Start of Supplied information

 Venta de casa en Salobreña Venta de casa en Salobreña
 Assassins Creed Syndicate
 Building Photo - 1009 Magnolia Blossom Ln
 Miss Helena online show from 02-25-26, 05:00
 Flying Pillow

End of Supplied information
Start of Supplied information

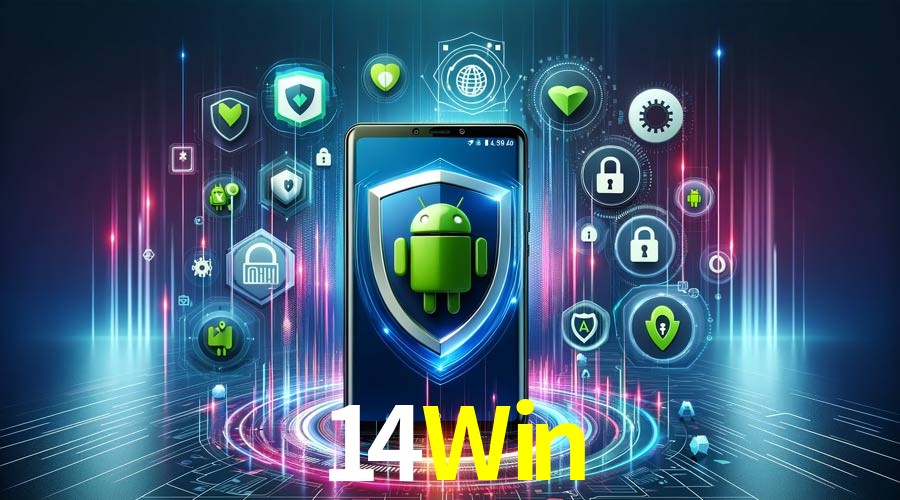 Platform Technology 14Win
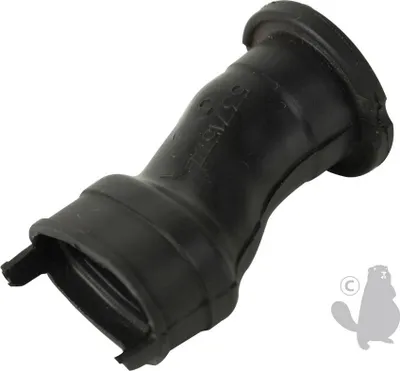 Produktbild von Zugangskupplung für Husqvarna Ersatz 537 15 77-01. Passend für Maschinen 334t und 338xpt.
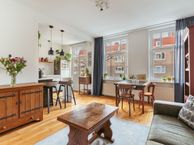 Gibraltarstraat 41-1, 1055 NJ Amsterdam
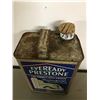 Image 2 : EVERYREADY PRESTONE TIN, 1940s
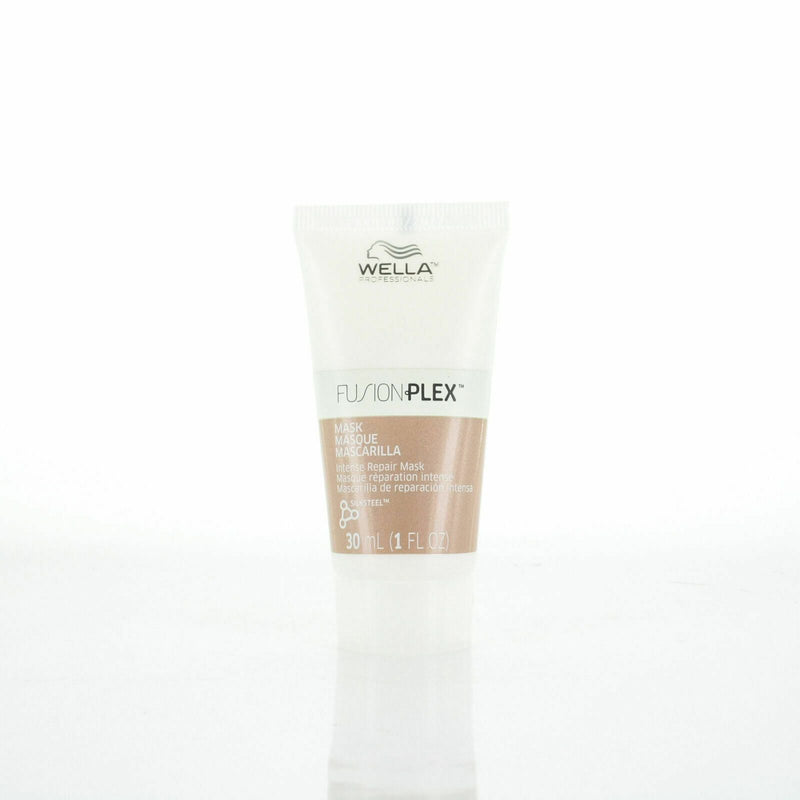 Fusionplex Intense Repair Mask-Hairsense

End of Supplied information

Required work:
Every line above from the line with "Building Photo - 1009 Magnolia Blossom Ln" to the line with "Flying Pillow", inclusive, must be returned exactly; no other line belongs in the reply.

Solution for this exercise:
 Building Photo - 1009 Magnolia Blossom Ln
 Miss Helena online show from 02-25-26, 05:00
 Flying Pillow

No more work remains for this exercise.